◆ ABOUT THIS EXERCISE:
Data follows below. Repeat exactly the lines between the line holding "Mons to Gassin map" and the line holding "犬せっけんラベル – 緑の円 ラウンドシール", inclusive, and nothing more; drop pictures.

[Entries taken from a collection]
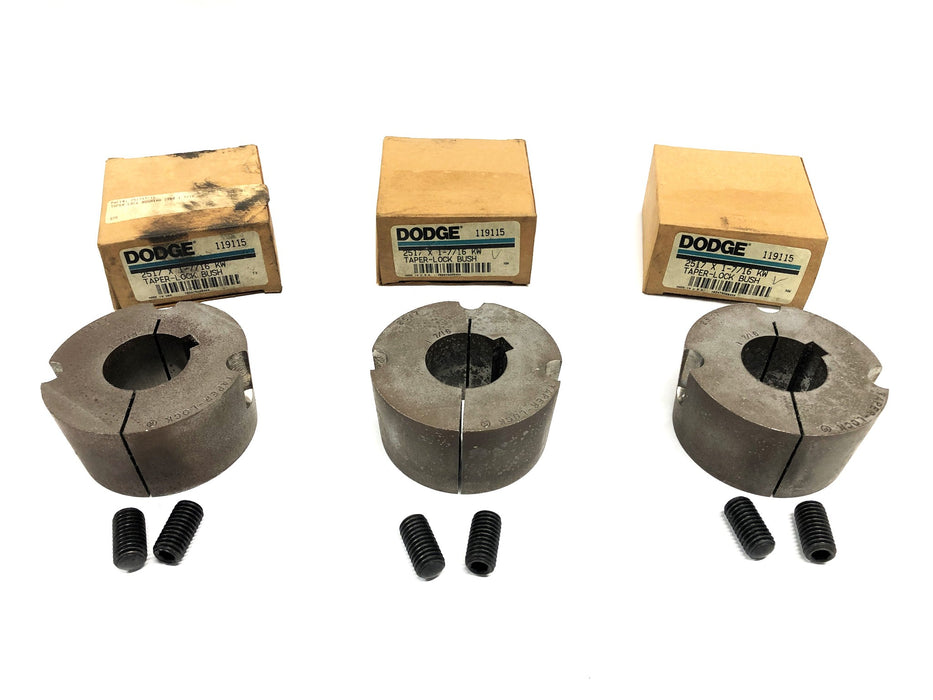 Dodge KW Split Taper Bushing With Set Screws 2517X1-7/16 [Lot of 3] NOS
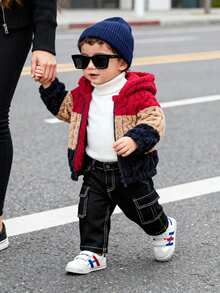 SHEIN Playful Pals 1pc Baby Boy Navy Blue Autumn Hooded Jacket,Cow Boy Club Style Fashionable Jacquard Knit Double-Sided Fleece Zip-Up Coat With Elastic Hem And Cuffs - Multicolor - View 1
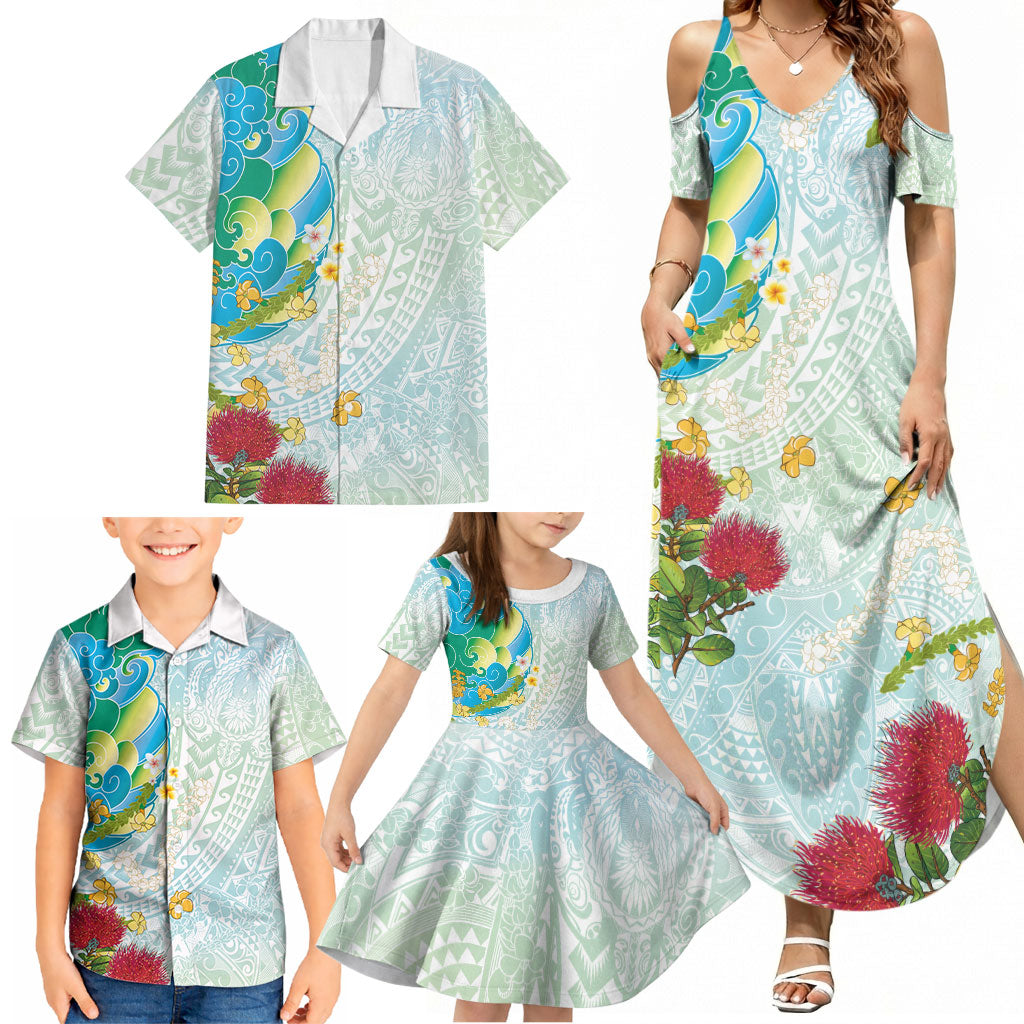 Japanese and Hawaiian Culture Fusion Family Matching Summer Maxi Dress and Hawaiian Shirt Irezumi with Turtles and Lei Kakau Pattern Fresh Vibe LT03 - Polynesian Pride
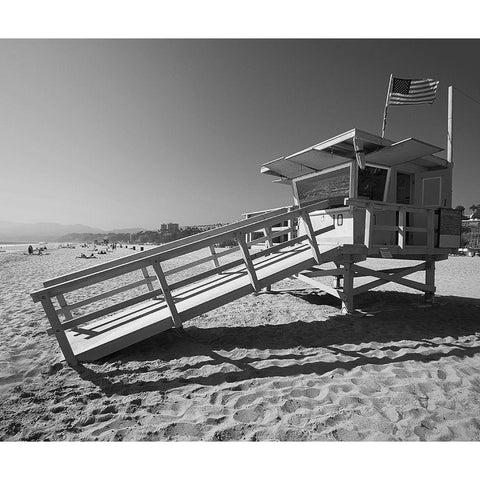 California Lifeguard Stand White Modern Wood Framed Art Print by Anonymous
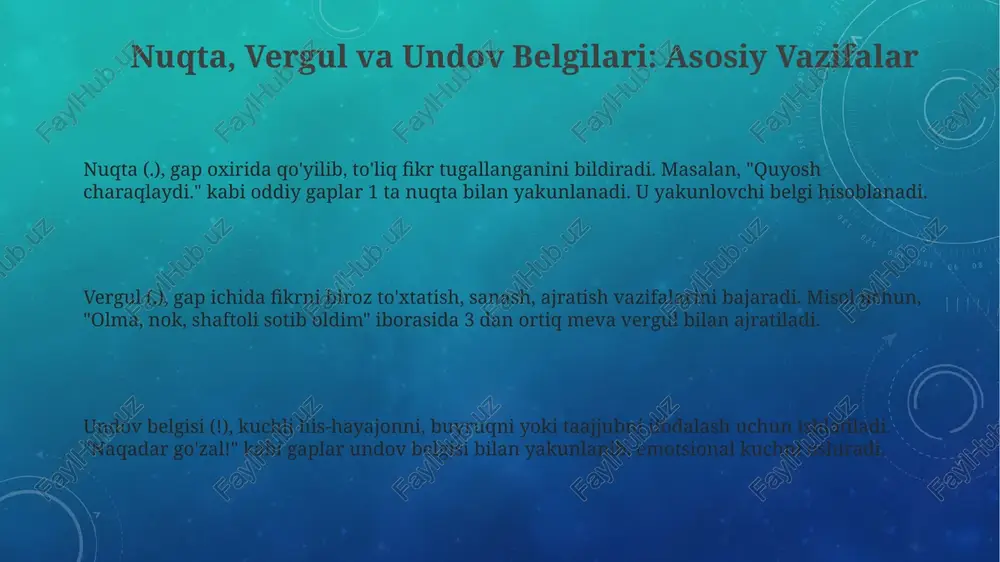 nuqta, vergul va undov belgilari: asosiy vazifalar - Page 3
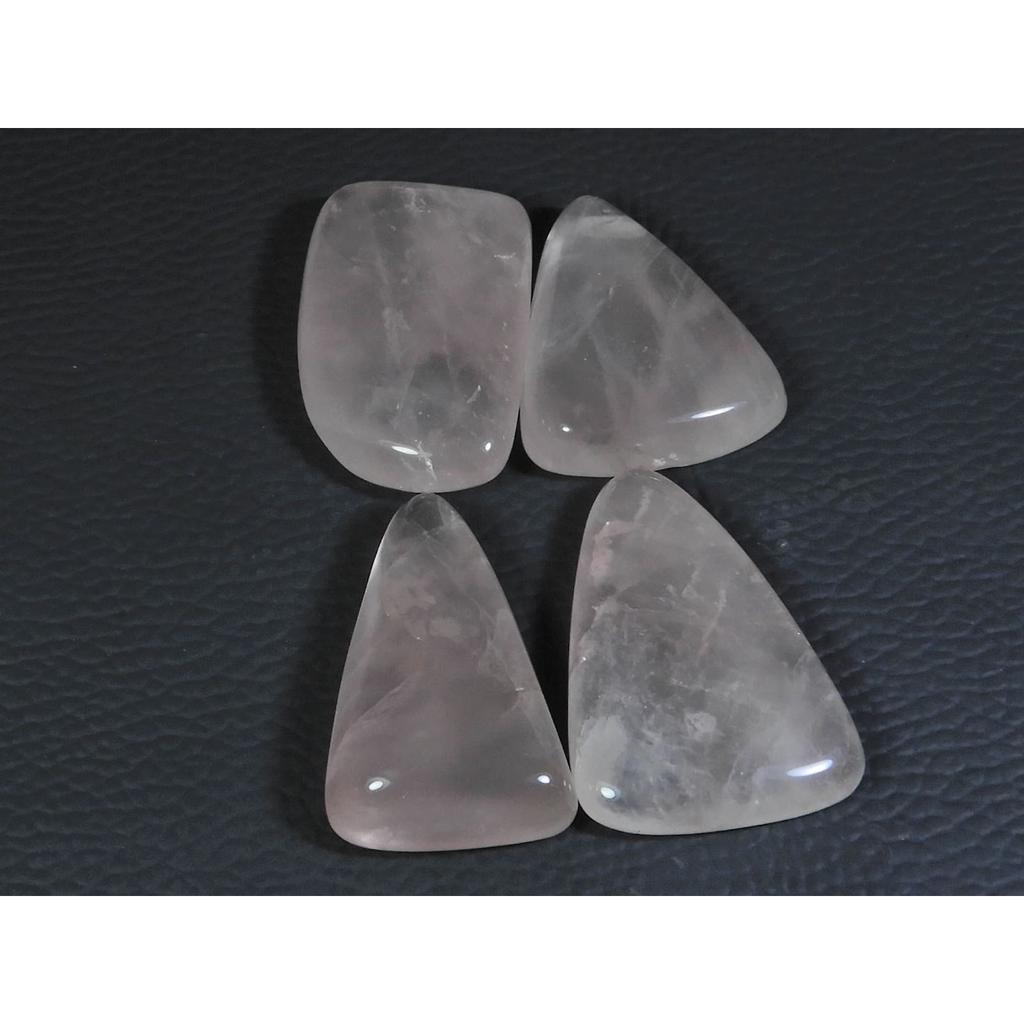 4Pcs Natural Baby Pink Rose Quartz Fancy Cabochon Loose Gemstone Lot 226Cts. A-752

---

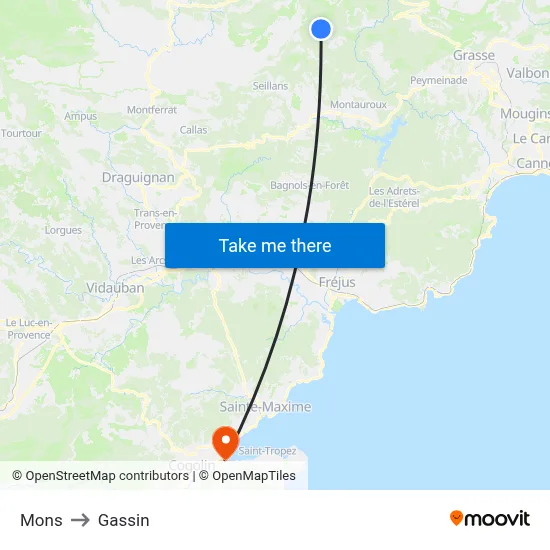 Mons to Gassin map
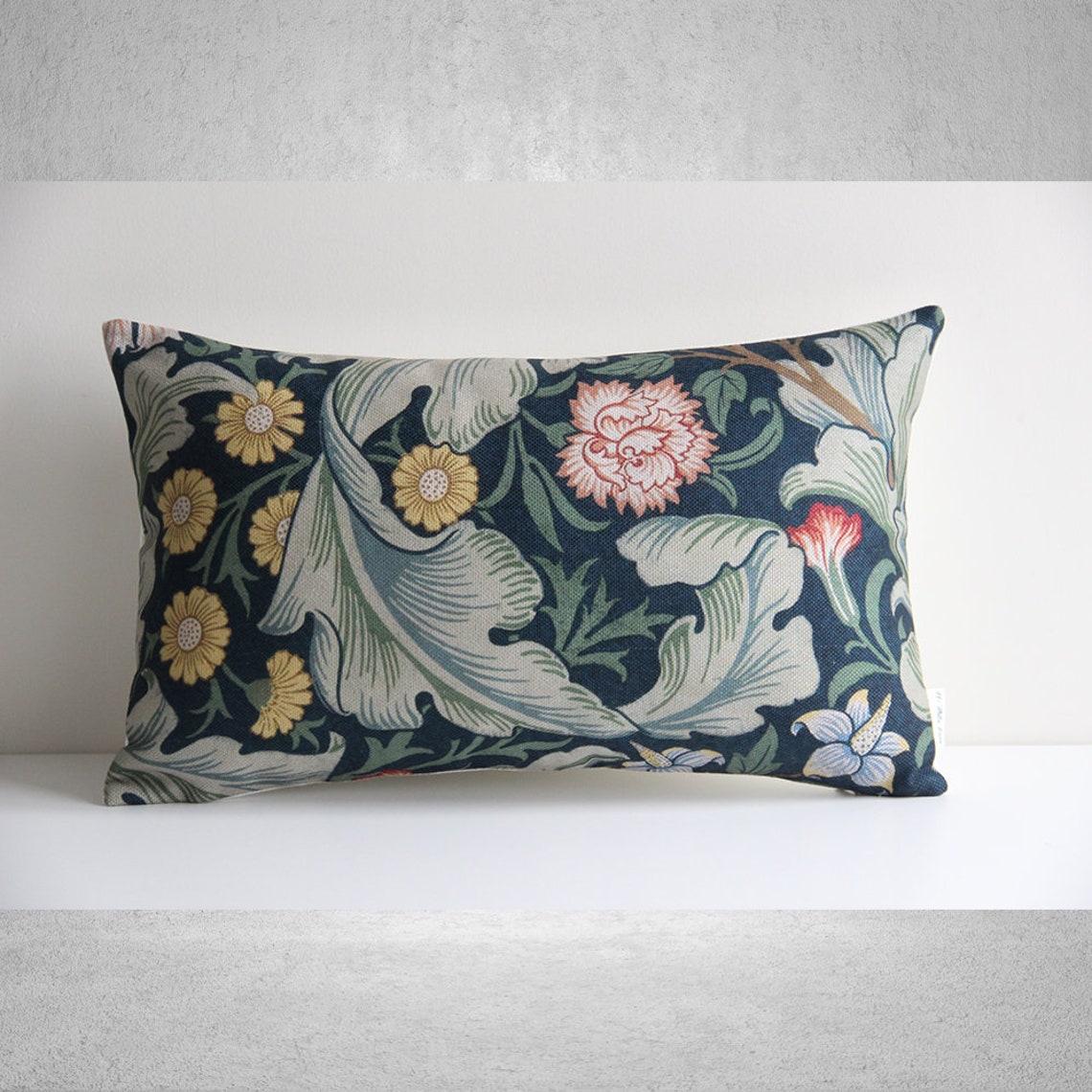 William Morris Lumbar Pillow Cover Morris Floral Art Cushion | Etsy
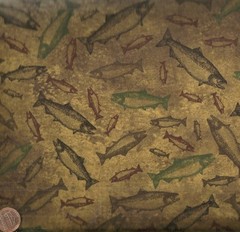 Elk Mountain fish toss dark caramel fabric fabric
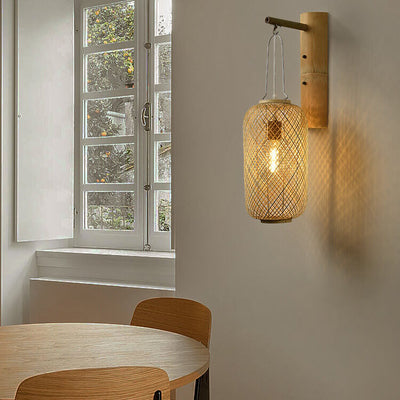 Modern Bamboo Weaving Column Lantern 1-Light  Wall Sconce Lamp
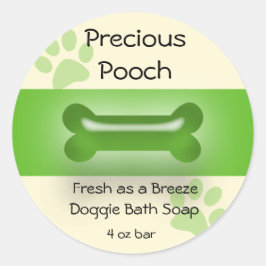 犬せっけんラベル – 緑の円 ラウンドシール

◆ FINISHED EXERCISE:
 Mons to Gassin map
 William Morris Lumbar Pillow Cover Morris Floral Art Cushion | Etsy
 Elk Mountain fish toss dark caramel fabric fabric
 Modern Bamboo Weaving Column Lantern 1-Light  Wall Sconce Lamp
 犬せっけんラベル – 緑の円 ラウンドシール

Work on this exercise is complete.